[Data extracted from a collection]
##############################

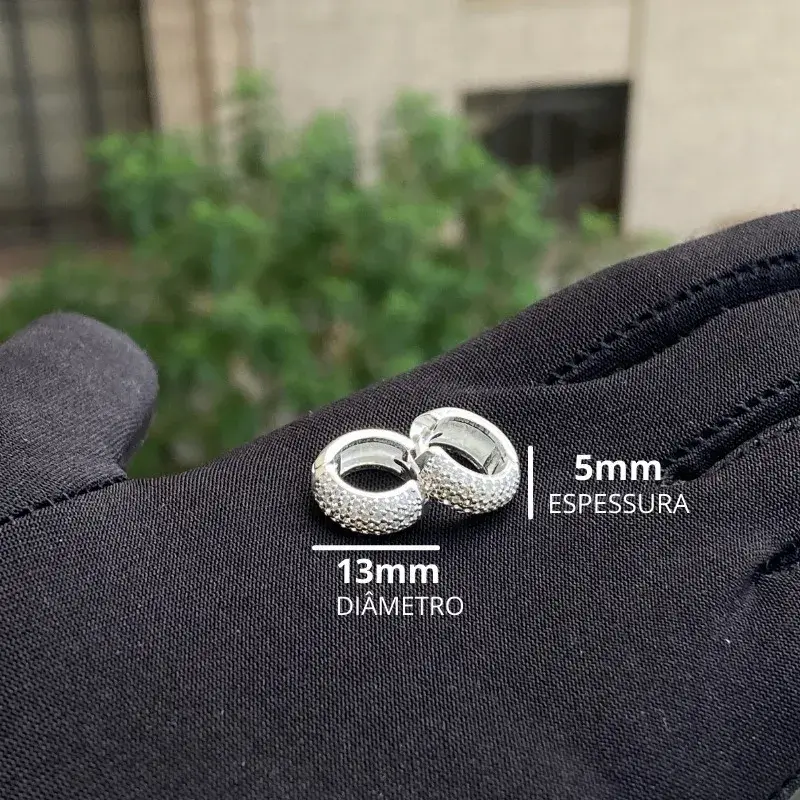 Medidas da argola 13mm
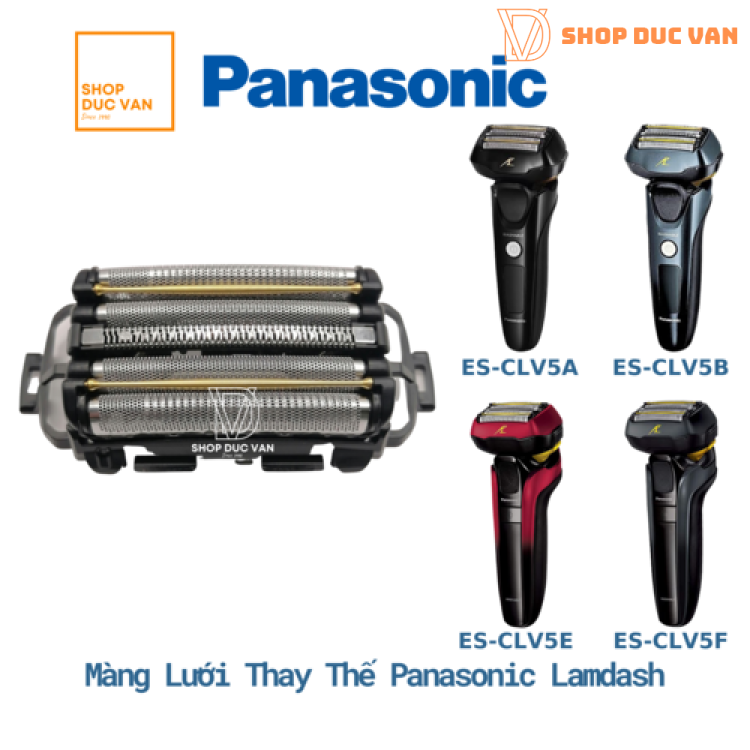 Shaver Outer Foil Replacement for Panasonic Lamdash ES-CLV5A ES-CLV5B ES-CLV5C ES-CLV5D ES-CLV5E ES-CLV5F ES-CLV5G ES-CLV5H ES-CLV5T ES-CLV5U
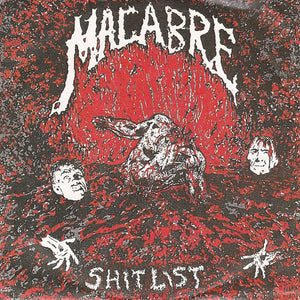 Shitlist 7" White Vinyl Used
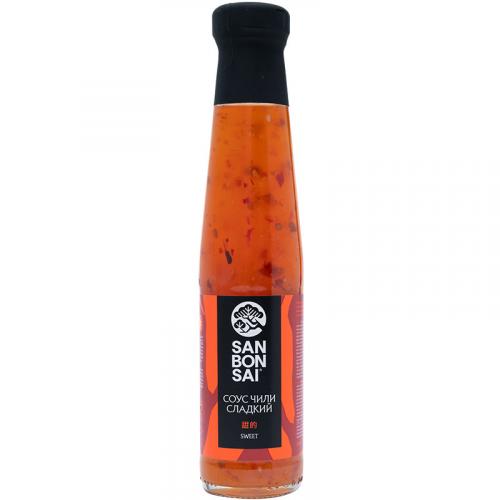 Соус SanBonsai чили сладкий, Ресурс-С, 300 г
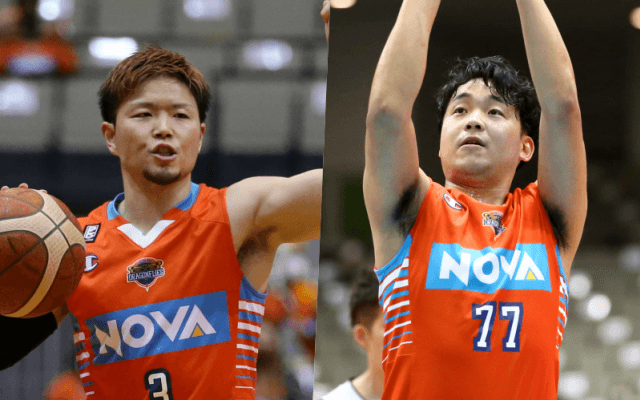 広島ドラゴンフライズ、岡本飛竜と森山修斗を自由交渉選手リストへ公示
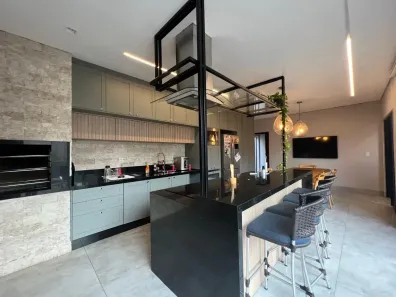 Casa de Condomínio com 3 Quartos à venda, 259m² no Condomínio Belvedere, Cuiabá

##############################

All the lines above need to be repeated exactly, with no pictures carried over.

▶ ANSWER TO THE PROBLEM:
 Medidas da argola 13mm
 Shaver Outer Foil Replacement for Panasonic Lamdash ES-CLV5A ES-CLV5B ES-CLV5C ES-CLV5D ES-CLV5E ES-CLV5F ES-CLV5G ES-CLV5H ES-CLV5T ES-CLV5U
 Shitlist 7" White Vinyl Used
 Соус SanBonsai чили сладкий, Ресурс-С, 300 г
 広島ドラゴンフライズ、岡本飛竜と森山修斗を自由交渉選手リストへ公示
 Casa de Condomínio com 3 Quartos à venda, 259m² no Condomínio Belvedere, Cuiabá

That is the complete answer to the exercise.